• WHAT TO PRODUCE:
Return the lines that run from the line containing "橄榄菜的成分 橄榄菜是什么东西啊？" through the end of the entries, both ends included. Leave out all pictures.

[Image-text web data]
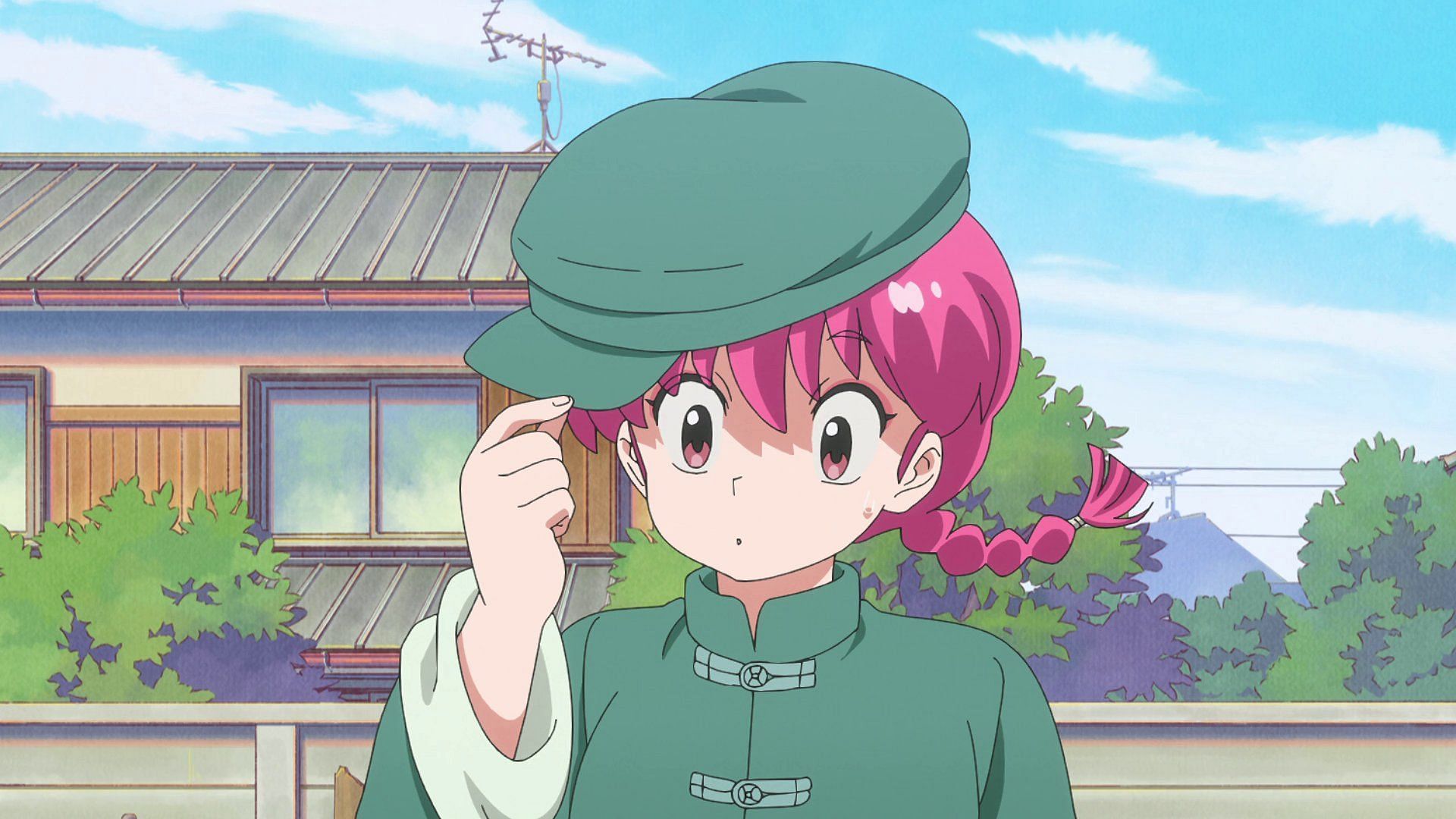 Female Ranma as seen in the latest episode (Image via MAPPA).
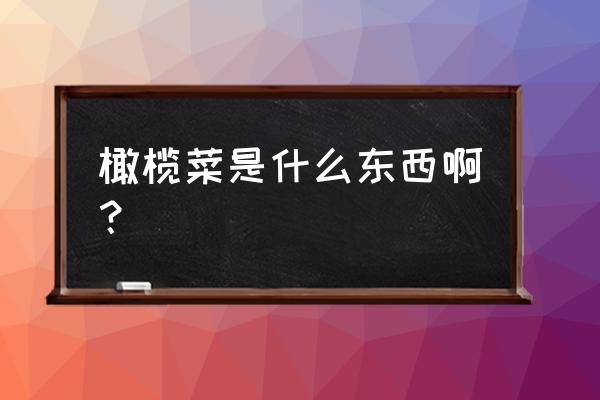 橄榄菜的成分 橄榄菜是什么东西啊？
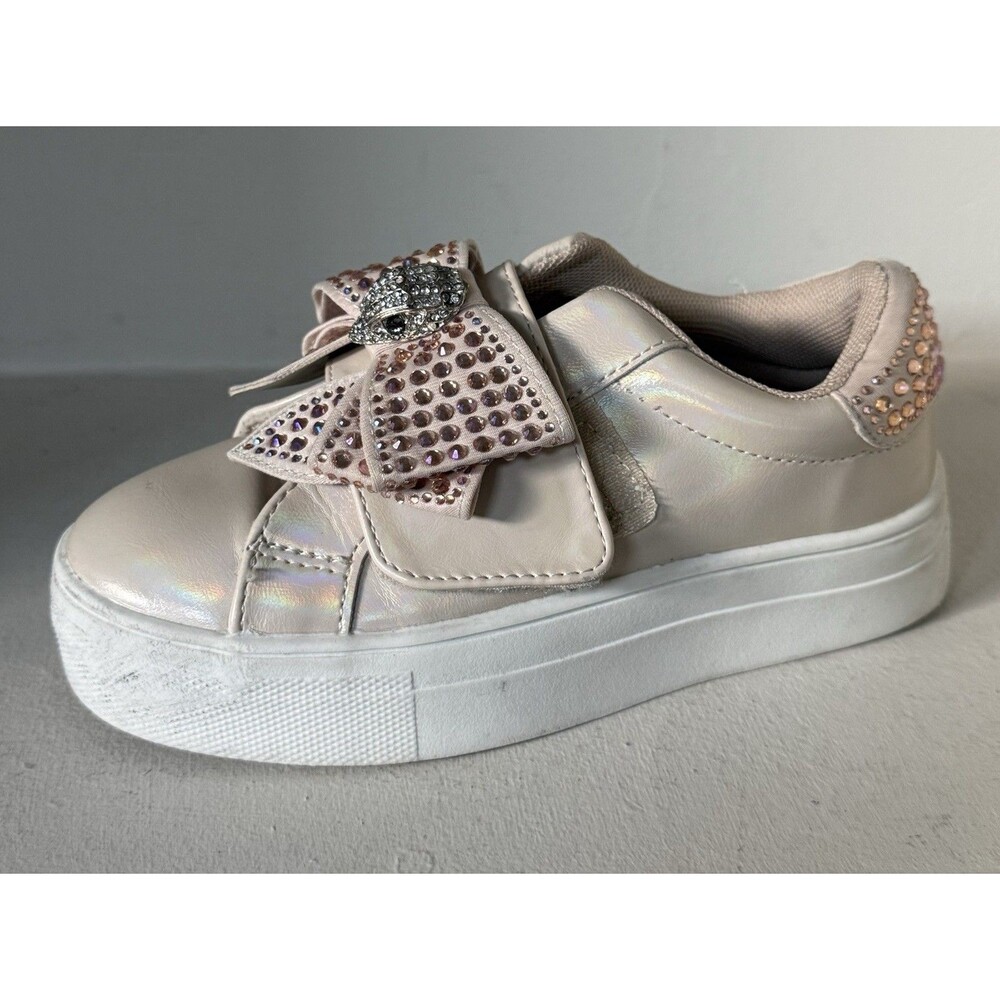 Kurt Geiger London Mini Laney Bow Sneakers Toddler Girls Size 13 Crystal Eagle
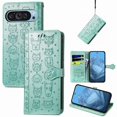 thumbnail image 1 of Étui Rabattable pour FOXDOCK Google Pixel 9/9 Pro, Chat et Chien en Cuir PU Embossé avec Fentes pour Cartes, Support, 1 of 6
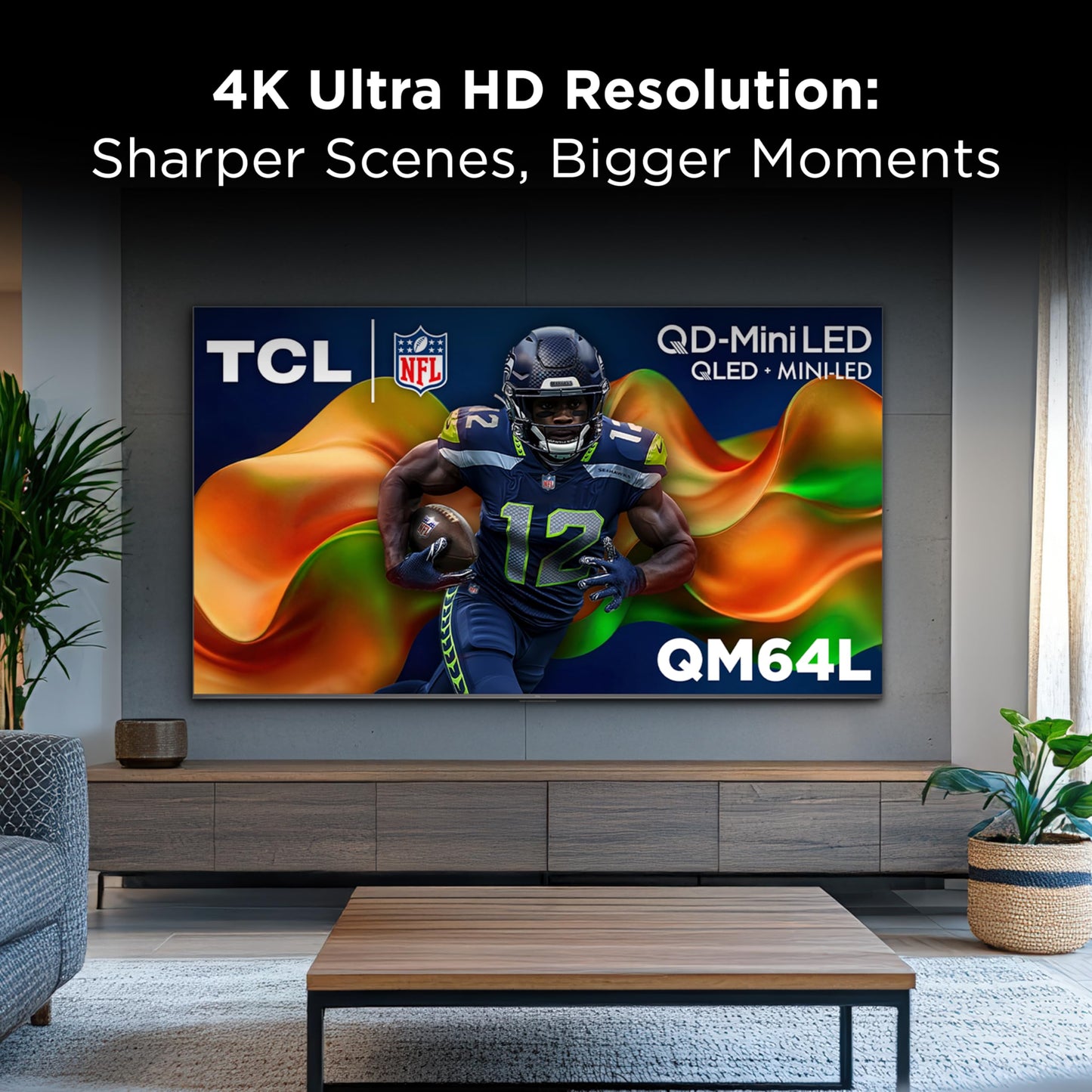 TCL 55-Inch QM64L Series QLED 4K Smart QD-Mini LED TV with Fire TV (2026 Model) New Halo Control System, LD500 Precise Dimming Series, High Contrast HVA Panel, 144Hz Native Panel Refresh Rate ๐ All In One Marketplace Canada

• WRITTEN SOLUTION:
 橄榄菜的成分 橄榄菜是什么东西啊？
 Kurt Geiger London Mini Laney Bow Sneakers Toddler Girls Size 13 Crystal Eagle
 thumbnail image 1 of Étui Rabattable pour FOXDOCK Google Pixel 9/9 Pro, Chat et Chien en Cuir PU Embossé avec Fentes pour Cartes, Support, 1 of 6
 TCL 55-Inch QM64L Series QLED 4K Smart QD-Mini LED TV with Fire TV (2026 Model) New Halo Control System, LD500 Precise Dimming Series, High Contrast HVA Panel, 144Hz Native Panel Refresh Rate ๐ All In One Marketplace Canada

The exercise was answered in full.